> **WHAT NEEDS TO BE DONE**: Verbatim output, no pictures: the lines from the beginning of the material through the line with "ALBA - Active", both ends kept.

> **DATA PROVIDED**:
-*-

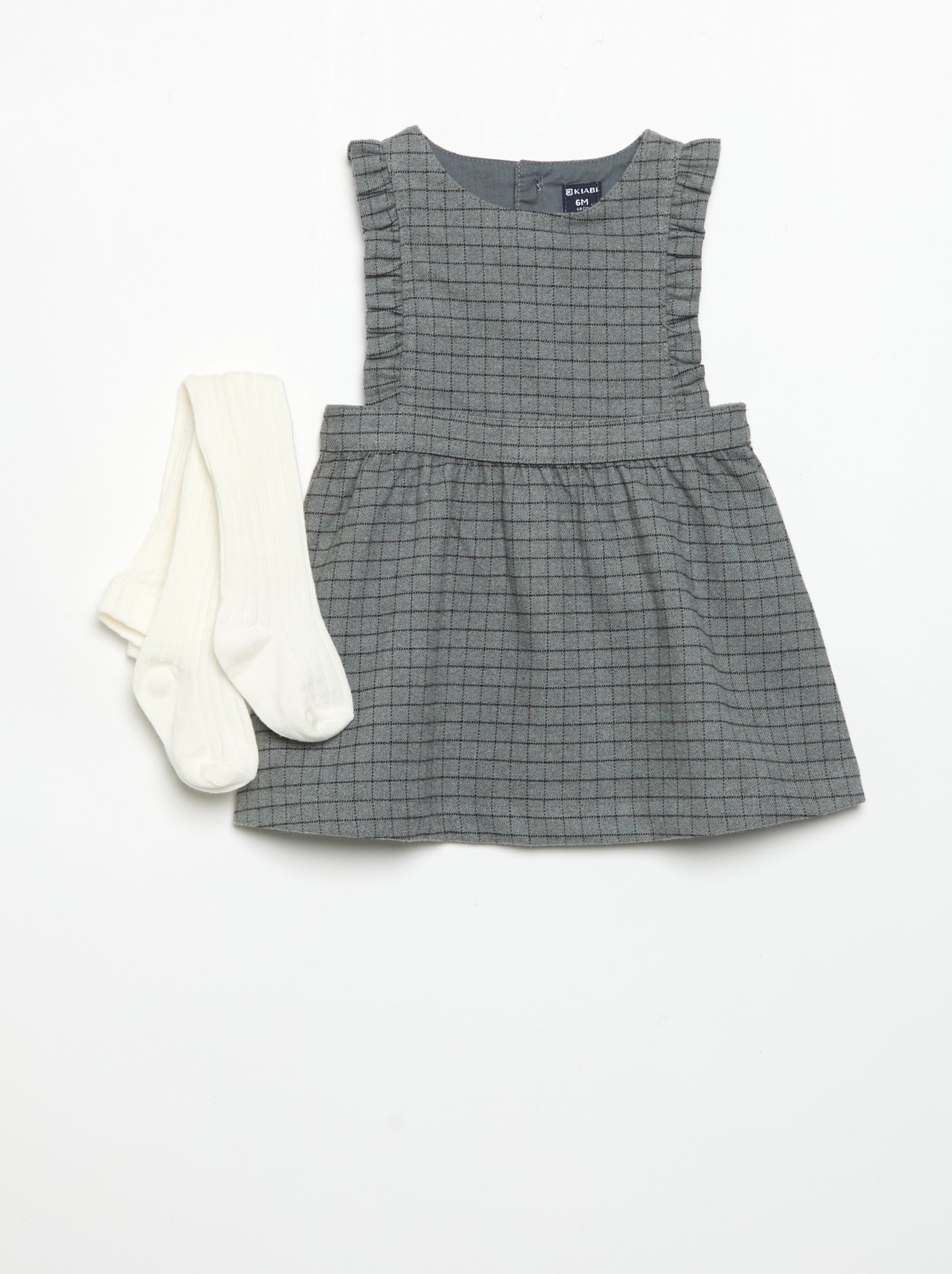 Ensemble robe sans manches + collants - Gris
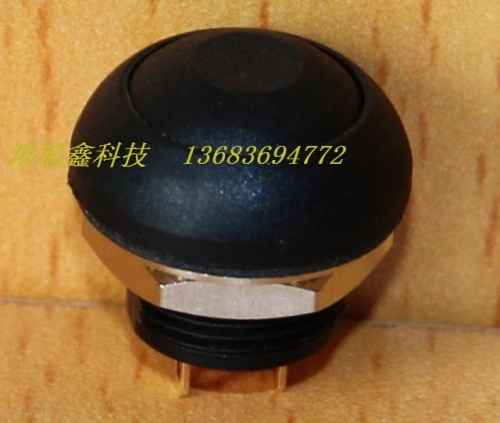 M12 waterproof switch reset button Taiwan PAS6 plastic round lock free black normally open button switch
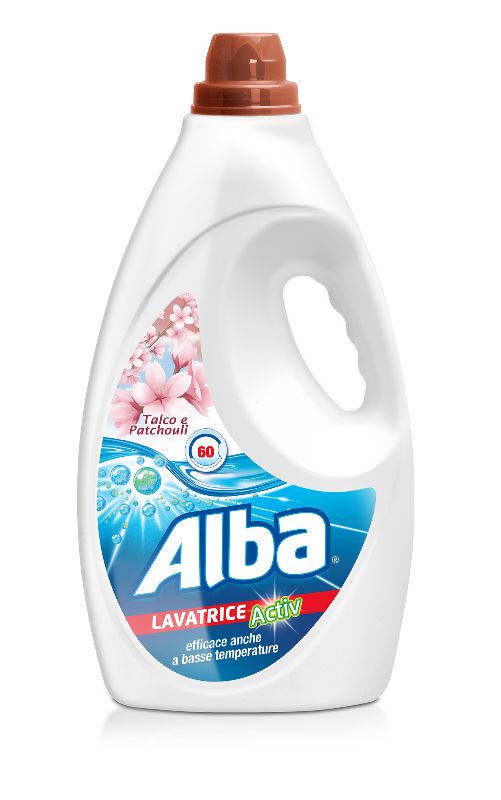 ALBA - Active - Detersivo Liquido Lavatrice 60 Lavaggi - Talco E Patchouli 3 L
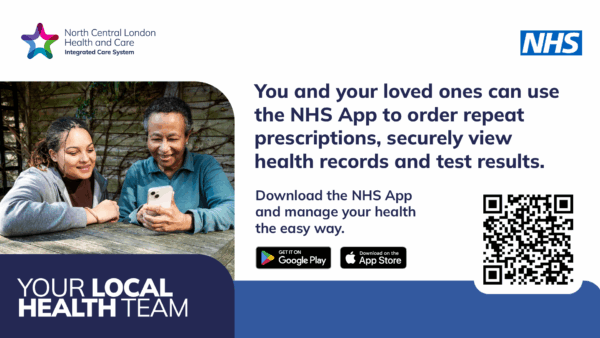 Advert for NHS App showing two people looking at the NHS App with the text, "You and your loved ones can use the NHS App to order repeat prescriptions, securely view health records and test results. Download the NHS App and manage your health the easy way." Google Play logo and App store logo included.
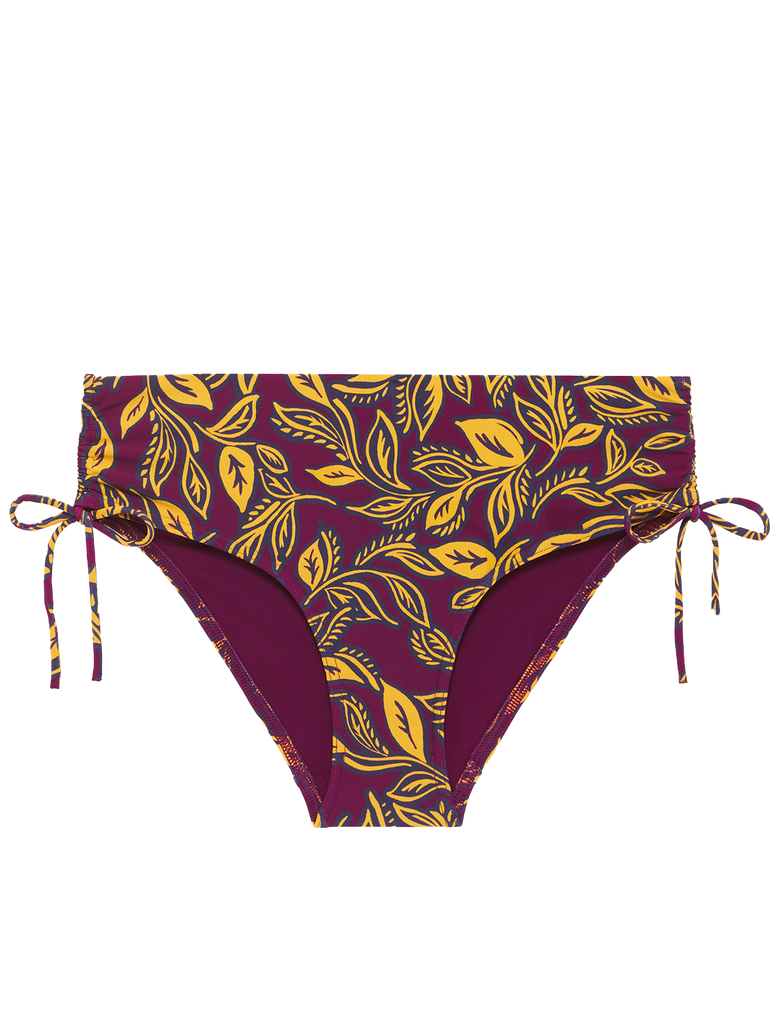 High-waist bikini brief - Agadir Purple Print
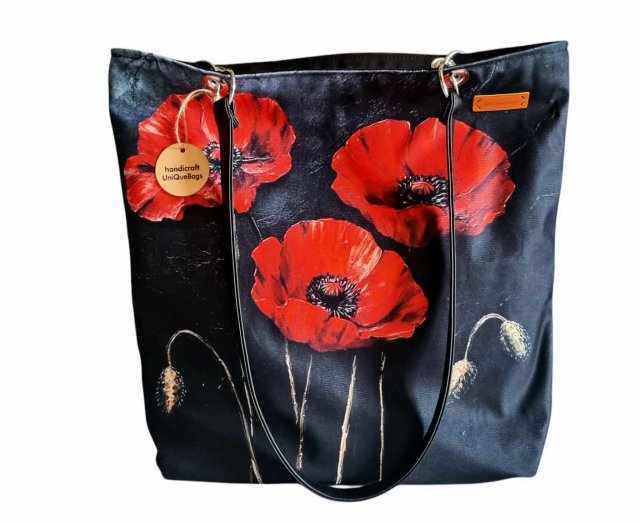 Torba na ramię xl w maki kwiaty szykowna torebka
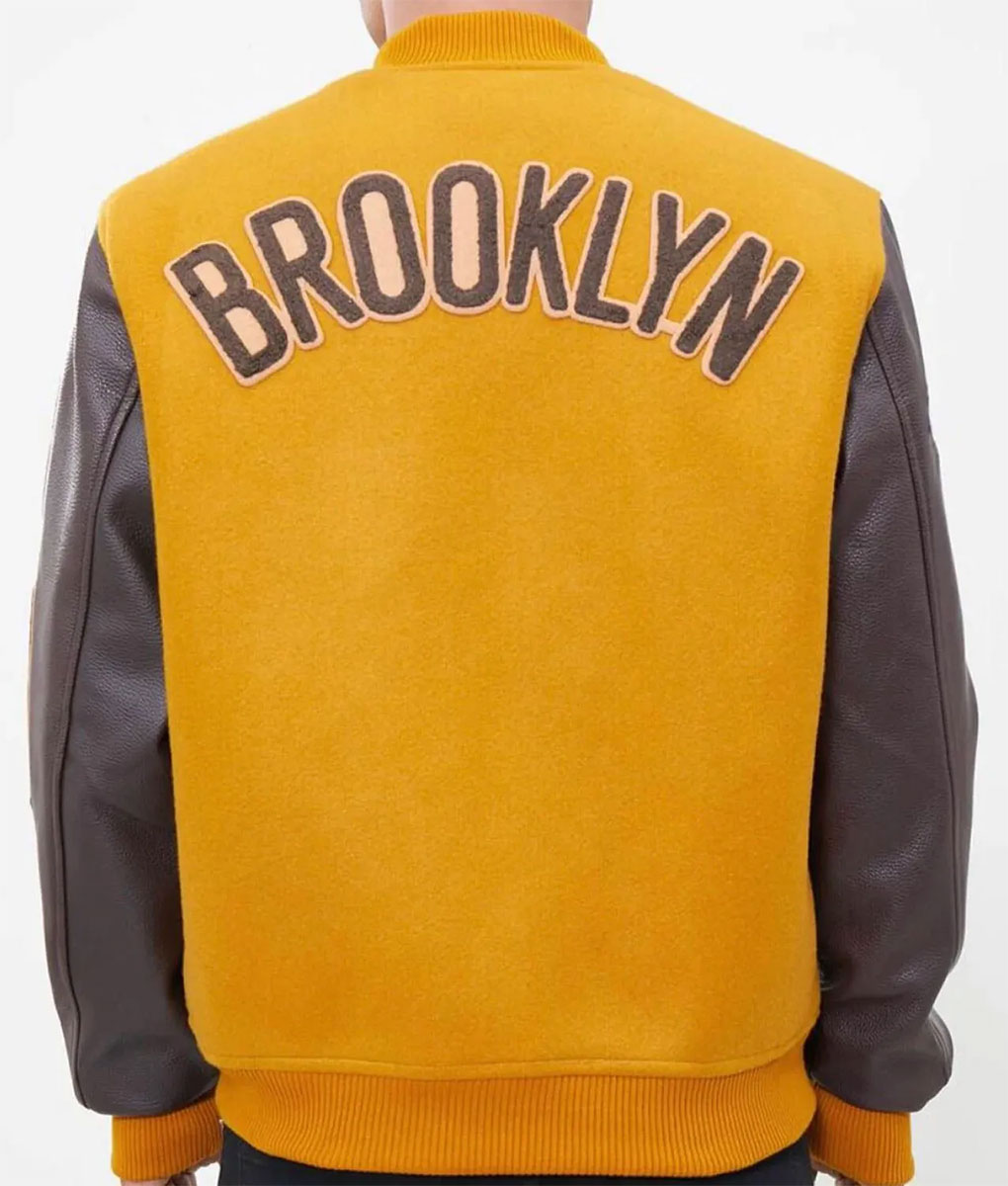 Starter B Nets Orange Varsity Jacket (2)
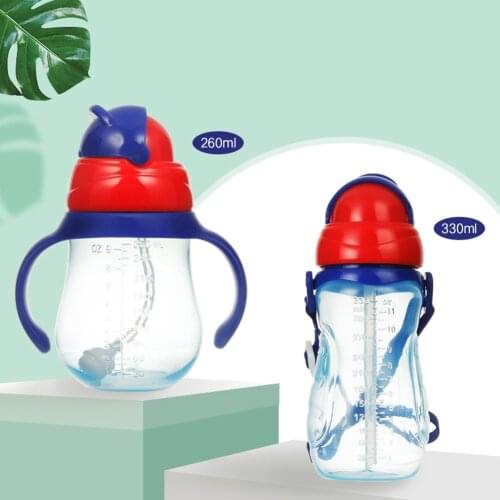 260/330ml Portable Newborn Baby Water Bottle Leak Proof PP Drinking Water Bottle Straw Cup with Handles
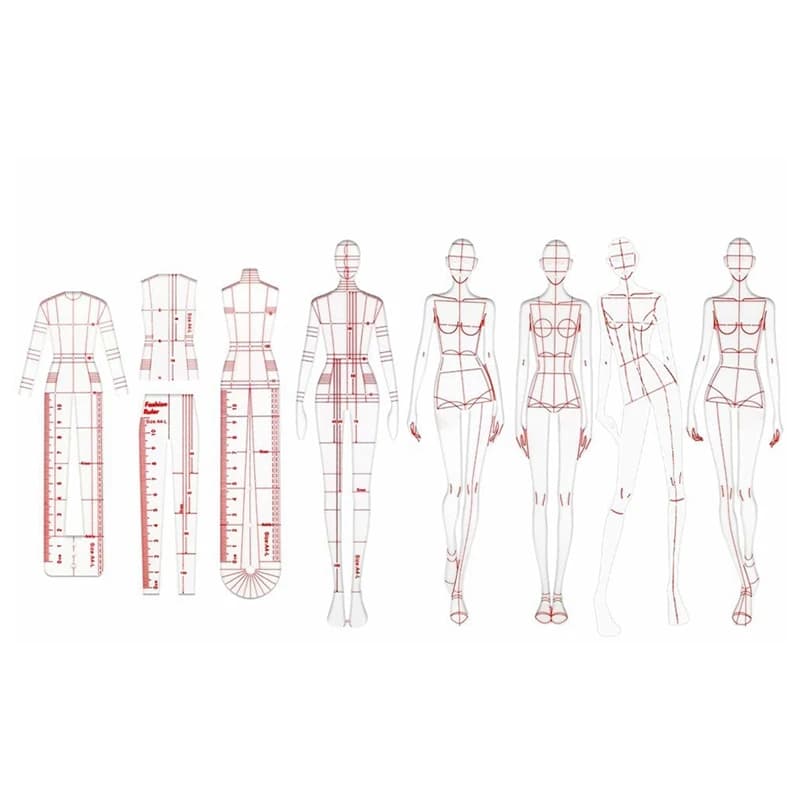 Righelli per illustrazioni di moda modelli per schizzi righello per cucire modelli umanoidi Design abbigliamento misurazione, combinazione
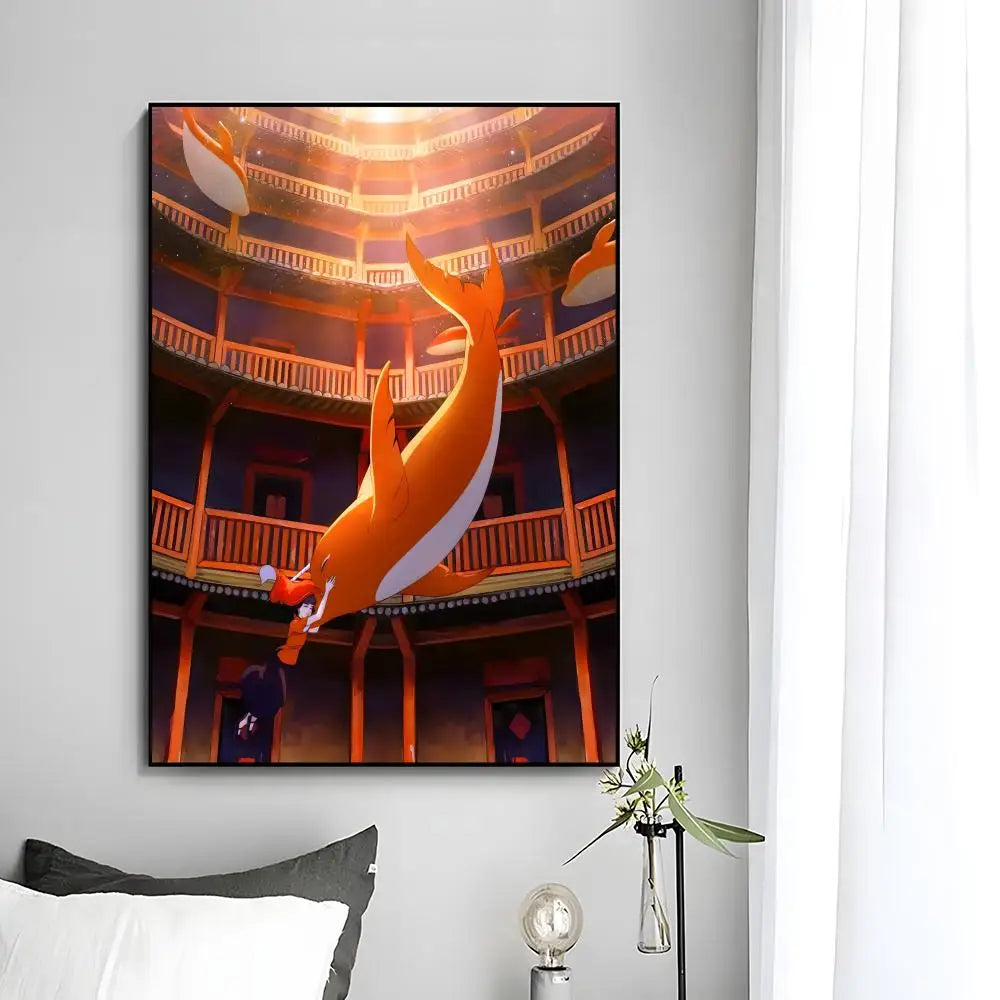 Fantasy Romantic Movie Anime B-Big Fish & Begonia Poster Wall Art Print Poster Decorative Mural Home Decor Gift Unframed Peaceful Pleasures Health and Wellness White4 50x70cm Unframed
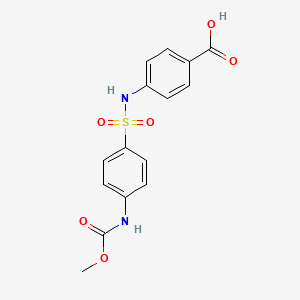 molecular formula C15H14N2O6S B2756515 4-[[4-(Methoxycarbonylamino)phenyl]sulfonylamino]benzoic acid CAS No. 325476-15-1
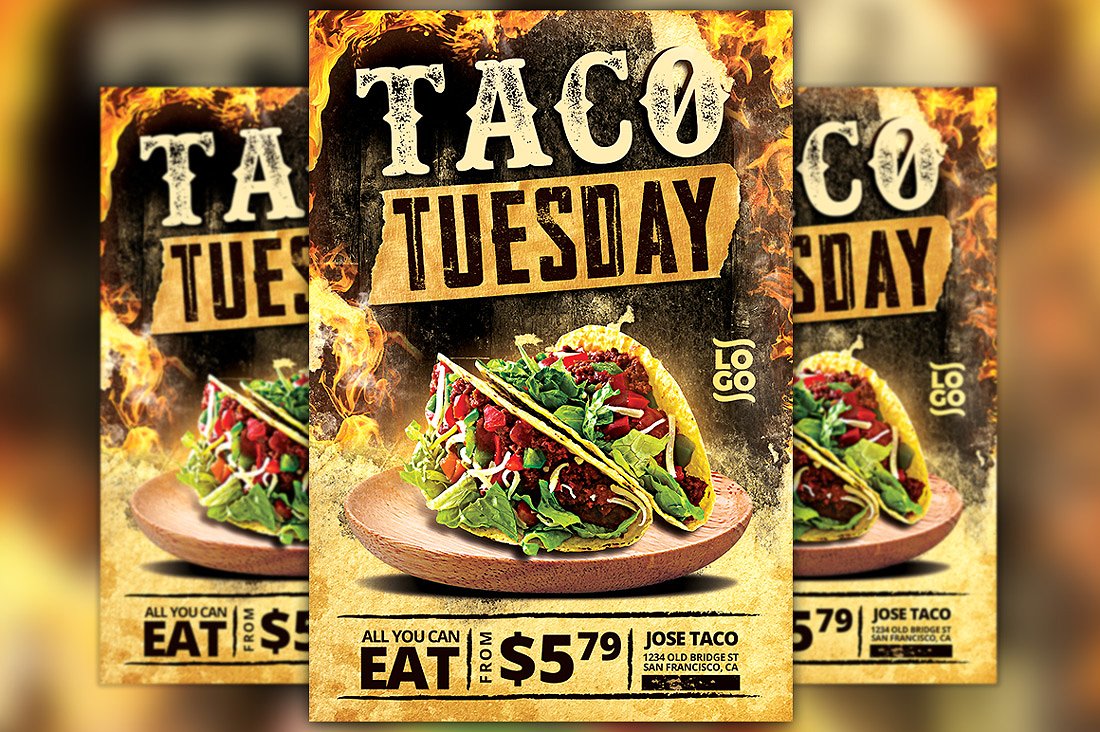 美食元素传单设计 Taco Thursday Flyer T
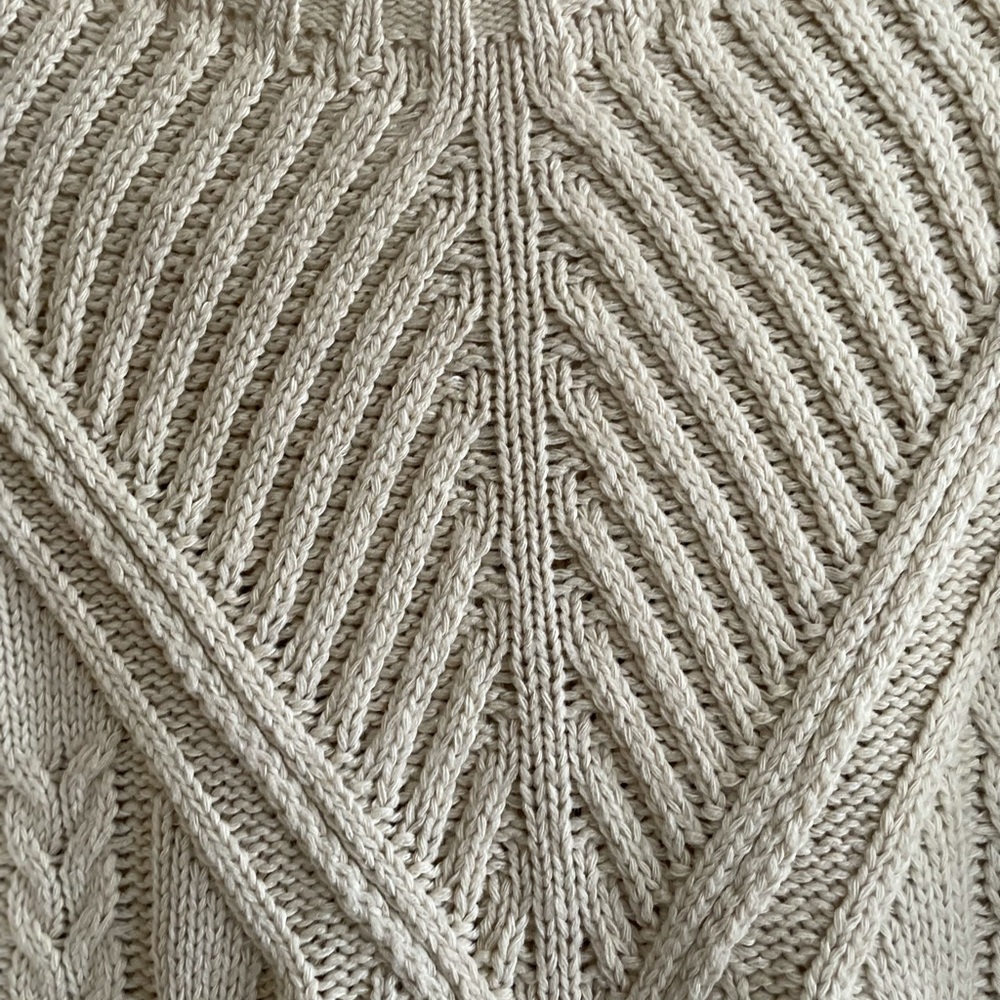 Miami Open Shoulder Cream Cable Knit Sweater. Size S - Picture 5 of 9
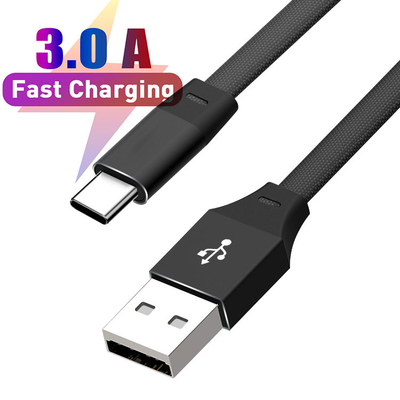 Flat Braided USB 2.0 Type C Cable OEM 3A Fast Charging Cable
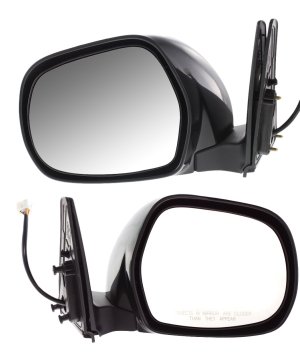 Power Mirror Pair/Set for Lexus GX470 2003-2009, Right (Passenger) and Left (Driver), Manual Folding, Heated, Paintable, with Memory, Replacement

-*-

> **RESULT OF THE TASK**:
 Ensemble robe sans manches + collants - Gris
 M12 waterproof switch reset button Taiwan PAS6 plastic round lock free black normally open button switch
 ALBA - Active - Detersivo Liquido Lavatrice 60 Lavaggi - Talco E Patchouli 3 L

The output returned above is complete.